The influence of appendicitis and appendectomy on UC is not limited to the onset of the disease. Appendectomy also appears to influence the clinical course of UC. When compared to patients with UC and an intact appendix, patients who have undergone appendectomy and develop UC are diagnosed at an older age [210, 211], develop less recurrent symptoms [210], require colectomy less frequently [206, 212], and require less immunosuppressive therapy to control the disease [206]. The effect of appendectomy on the clinical course of patients with known UC is limited to case reports and small case series and results are conflicting [53].

The mechanism by which appendectomy protects against UC is unknown. The appendix is part of the mucosa-associated lymphoid tissue system and is involved in B-lymphocyte-mediated immune responses and extrathymic T lymphocytes. A T-cell receptor alpha chain knockout mouse model of colitis showed that inflammation was suppressed in animals that underwent appendectomies [213]. Because of its role as a reservoir for enteric bacteria, removal of the appendix may influence the mucosal immune system and the antigenic exposure in the bowel lumen [201].

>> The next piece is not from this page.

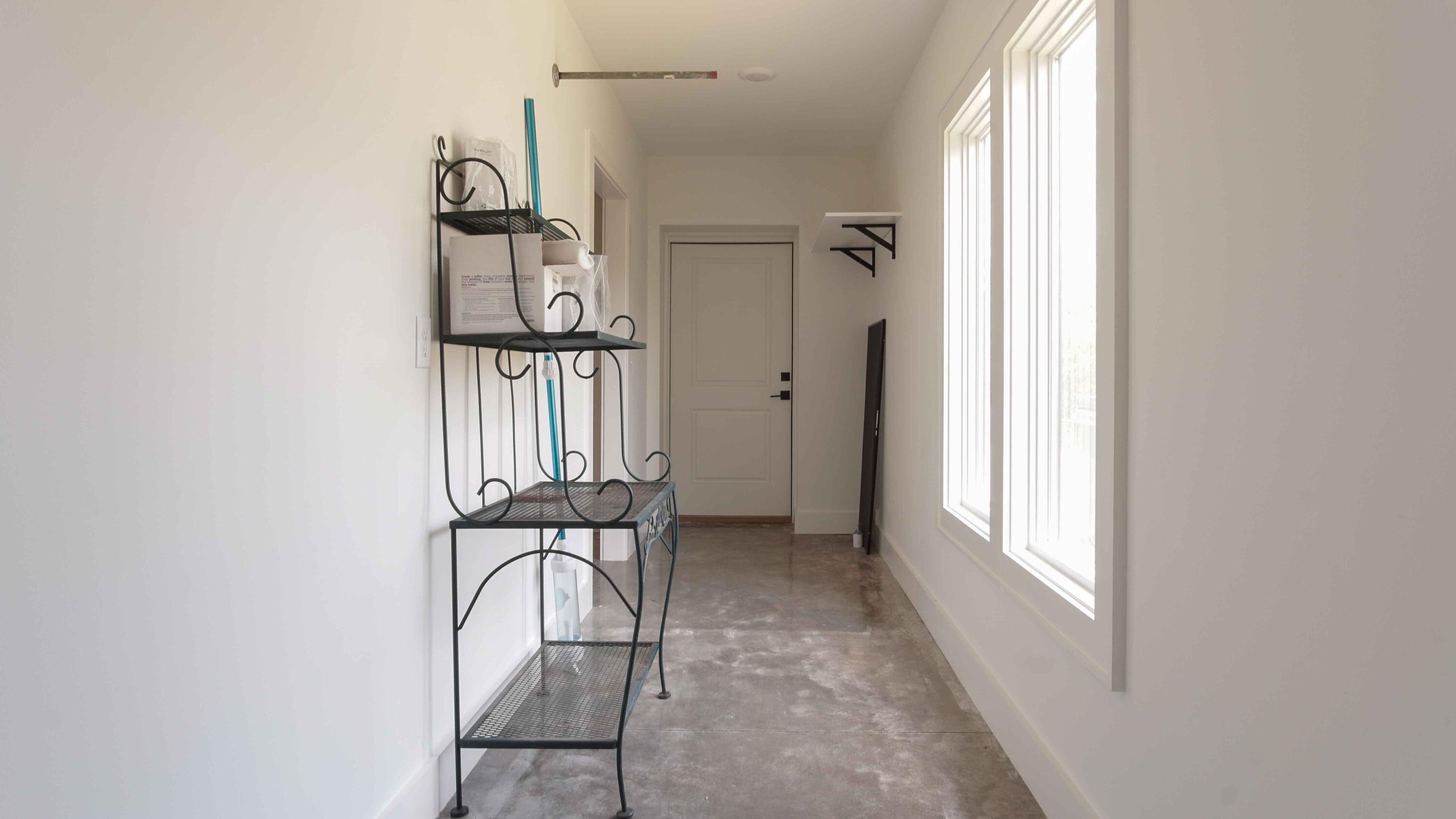 LOT 61 BLK 9 DAUGHETTES 1ST ADDITION TO CHOCTAWATCHEE BEACH - Residential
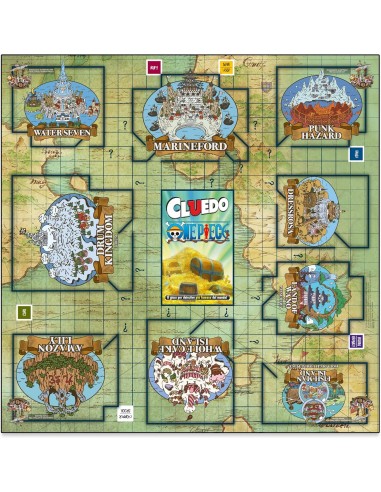 GIOCHI DI SOCIETA'E PUZZLE: vendita online Trivial Pursuit Edizione Classica – Gioco da Tavolo Cultura Generale 2‑6 Giocatori...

The role of certain environmental and lifestyle factors on the onset, severity, and course of IBD is significant. Patient education and, when possible, modifications of these risk factors should be an integral part of the care provided to patients with IBD. Smoking is the best studied of the disease modifiers in IBD, and smoking cessation should be encouraged for all IBD patients. Although achieving long-term smoking cessation is difficult, IBD patients, including those with UC, should be encouraged to quit smoking. The benefits of smoking cessation outweigh the risk of aggravating UC, and providers caring for these patients should be prepared to adjust the medical regimen to mitigate the adverse effects of nicotine discontinuation. While appendectomy appears to be protective against UC, the chronic use of both traditional NSAIDs and selective COX-2 inhibitors appears to exert a negative effect on the onset and course of IBD. Breastfeeding may offer some protection from IBD and given its other beneficial attributes should be encouraged. The influence of other factors such as diet, childhood infections, socioeconomic factors, psychological stress, and oral contraceptives is less clear, and specific recommendations cannot be generalized at this time for our patients.